▶ DESCRIPTION OF THE TASK: You are asked to filter the data below and copy every line holding "meme".

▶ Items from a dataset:

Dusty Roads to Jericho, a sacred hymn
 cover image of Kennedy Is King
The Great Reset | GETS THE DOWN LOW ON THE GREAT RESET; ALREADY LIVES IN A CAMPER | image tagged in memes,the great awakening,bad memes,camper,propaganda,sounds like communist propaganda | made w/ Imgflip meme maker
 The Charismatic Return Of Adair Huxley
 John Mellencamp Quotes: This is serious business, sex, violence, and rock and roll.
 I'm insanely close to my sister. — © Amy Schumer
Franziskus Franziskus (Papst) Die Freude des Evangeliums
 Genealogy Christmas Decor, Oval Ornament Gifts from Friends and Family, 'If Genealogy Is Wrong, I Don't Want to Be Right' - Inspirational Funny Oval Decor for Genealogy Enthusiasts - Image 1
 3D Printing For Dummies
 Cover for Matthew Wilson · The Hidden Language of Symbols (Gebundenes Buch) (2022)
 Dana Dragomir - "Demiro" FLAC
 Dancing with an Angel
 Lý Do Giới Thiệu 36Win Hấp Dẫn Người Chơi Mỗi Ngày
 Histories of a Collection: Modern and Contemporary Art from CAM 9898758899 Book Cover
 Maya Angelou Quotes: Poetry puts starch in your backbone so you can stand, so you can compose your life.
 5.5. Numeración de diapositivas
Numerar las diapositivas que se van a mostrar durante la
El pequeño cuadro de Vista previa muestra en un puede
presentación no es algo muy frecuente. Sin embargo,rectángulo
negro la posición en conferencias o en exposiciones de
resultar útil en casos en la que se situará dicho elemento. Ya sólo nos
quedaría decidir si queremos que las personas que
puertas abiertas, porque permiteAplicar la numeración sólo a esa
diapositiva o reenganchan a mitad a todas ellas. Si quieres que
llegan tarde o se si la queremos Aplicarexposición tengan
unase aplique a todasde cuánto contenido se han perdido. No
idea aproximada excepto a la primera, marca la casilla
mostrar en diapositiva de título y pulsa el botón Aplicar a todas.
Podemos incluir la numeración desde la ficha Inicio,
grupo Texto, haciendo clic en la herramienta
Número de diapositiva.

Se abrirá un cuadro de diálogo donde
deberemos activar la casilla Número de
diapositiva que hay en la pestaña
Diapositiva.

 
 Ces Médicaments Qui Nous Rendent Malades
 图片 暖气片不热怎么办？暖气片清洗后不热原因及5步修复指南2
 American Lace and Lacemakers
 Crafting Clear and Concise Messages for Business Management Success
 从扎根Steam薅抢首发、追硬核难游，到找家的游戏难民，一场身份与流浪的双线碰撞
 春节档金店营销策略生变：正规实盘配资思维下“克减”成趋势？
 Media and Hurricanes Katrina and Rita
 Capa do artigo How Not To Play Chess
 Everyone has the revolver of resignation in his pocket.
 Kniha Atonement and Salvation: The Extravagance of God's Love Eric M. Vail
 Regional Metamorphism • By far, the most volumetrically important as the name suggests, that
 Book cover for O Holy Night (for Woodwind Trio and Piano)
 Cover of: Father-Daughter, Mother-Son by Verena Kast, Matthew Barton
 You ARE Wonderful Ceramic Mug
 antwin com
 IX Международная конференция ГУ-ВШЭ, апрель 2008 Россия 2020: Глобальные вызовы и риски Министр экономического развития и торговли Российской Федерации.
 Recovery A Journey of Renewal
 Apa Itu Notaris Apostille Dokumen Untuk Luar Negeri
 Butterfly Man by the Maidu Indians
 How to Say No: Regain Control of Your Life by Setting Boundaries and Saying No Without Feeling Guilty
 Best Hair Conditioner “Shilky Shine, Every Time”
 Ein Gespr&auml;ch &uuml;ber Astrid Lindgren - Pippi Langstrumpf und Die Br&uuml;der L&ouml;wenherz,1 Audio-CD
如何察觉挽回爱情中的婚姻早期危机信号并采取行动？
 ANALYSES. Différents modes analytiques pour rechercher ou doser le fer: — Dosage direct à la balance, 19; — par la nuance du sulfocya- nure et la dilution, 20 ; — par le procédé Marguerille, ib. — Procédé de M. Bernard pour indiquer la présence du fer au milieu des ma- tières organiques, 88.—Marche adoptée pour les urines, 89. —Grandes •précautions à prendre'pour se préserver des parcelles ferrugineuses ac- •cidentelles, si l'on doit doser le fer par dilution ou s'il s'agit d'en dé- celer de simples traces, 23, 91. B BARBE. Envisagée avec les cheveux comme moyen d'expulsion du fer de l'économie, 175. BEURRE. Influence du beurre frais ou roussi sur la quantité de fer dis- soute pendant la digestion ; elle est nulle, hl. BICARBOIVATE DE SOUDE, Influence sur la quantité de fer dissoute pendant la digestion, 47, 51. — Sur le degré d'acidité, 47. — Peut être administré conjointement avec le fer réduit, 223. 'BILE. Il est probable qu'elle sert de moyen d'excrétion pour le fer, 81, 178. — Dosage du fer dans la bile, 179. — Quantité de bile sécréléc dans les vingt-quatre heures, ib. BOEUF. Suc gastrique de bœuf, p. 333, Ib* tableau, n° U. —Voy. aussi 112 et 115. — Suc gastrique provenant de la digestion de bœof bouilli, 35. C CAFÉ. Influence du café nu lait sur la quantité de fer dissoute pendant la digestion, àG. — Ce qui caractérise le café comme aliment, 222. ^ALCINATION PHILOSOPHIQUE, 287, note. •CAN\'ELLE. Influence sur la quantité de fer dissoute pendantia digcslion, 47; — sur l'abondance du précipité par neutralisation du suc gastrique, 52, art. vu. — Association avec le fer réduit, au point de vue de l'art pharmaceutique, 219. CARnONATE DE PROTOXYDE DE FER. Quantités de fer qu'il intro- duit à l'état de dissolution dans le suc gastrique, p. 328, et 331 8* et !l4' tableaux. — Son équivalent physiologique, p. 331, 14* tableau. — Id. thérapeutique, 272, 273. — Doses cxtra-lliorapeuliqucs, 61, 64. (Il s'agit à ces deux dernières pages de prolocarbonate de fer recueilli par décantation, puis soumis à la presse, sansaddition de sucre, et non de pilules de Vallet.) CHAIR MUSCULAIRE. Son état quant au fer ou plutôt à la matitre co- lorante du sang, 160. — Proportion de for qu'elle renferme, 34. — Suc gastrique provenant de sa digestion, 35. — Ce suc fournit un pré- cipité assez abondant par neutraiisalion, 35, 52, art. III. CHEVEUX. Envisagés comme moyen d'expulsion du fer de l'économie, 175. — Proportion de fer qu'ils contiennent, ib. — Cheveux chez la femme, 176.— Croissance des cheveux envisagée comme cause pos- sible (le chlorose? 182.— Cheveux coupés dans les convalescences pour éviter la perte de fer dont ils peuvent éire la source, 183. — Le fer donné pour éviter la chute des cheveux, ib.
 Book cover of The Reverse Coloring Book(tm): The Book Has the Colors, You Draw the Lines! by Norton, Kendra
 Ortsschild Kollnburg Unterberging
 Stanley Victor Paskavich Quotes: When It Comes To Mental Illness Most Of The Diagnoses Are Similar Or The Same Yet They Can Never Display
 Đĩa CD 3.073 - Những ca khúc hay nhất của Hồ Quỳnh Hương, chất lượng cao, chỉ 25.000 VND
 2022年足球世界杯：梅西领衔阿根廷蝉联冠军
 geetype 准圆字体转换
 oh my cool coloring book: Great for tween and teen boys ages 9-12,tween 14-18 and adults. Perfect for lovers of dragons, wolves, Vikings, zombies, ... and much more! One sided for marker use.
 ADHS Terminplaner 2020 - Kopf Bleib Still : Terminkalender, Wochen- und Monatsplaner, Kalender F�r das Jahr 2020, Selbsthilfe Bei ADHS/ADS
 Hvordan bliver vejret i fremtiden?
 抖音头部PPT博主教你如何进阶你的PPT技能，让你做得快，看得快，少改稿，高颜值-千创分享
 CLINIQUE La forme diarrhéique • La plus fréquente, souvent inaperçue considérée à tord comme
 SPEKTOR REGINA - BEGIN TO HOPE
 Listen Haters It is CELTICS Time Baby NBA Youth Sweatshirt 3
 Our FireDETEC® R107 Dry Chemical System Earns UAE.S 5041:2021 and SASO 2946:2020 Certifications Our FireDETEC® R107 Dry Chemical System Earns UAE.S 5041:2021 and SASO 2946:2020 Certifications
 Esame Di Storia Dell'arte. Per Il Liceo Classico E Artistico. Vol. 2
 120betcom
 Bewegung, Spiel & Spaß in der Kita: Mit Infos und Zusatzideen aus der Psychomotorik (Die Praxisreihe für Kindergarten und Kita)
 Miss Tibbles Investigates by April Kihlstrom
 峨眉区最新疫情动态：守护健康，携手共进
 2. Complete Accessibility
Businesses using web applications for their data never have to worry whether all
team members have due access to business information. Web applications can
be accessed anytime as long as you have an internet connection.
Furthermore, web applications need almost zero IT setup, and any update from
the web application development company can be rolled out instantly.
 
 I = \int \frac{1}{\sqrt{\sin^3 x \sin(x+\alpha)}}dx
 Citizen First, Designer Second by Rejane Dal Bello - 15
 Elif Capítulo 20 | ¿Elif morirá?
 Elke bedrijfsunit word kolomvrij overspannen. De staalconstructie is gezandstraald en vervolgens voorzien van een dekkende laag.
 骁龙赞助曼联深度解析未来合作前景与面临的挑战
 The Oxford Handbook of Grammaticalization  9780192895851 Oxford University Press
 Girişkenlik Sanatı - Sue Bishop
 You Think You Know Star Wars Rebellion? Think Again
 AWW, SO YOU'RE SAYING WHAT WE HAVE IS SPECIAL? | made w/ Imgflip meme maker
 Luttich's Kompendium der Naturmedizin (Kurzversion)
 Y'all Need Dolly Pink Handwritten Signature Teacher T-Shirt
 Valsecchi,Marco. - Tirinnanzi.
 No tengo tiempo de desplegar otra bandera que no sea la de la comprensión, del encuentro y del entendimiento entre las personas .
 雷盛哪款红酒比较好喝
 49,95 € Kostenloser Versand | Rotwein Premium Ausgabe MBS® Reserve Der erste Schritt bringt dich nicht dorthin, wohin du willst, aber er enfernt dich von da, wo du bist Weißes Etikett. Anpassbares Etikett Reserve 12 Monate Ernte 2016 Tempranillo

▶ WRITTEN SOLUTION:
The Great Reset | GETS THE DOWN LOW ON THE GREAT RESET; ALREADY LIVES IN A CAMPER | image tagged in memes,the great awakening,bad memes,camper,propaganda,sounds like communist propaganda | made w/ Imgflip meme maker
 AWW, SO YOU'RE SAYING WHAT WE HAVE IS SPECIAL? | made w/ Imgflip meme maker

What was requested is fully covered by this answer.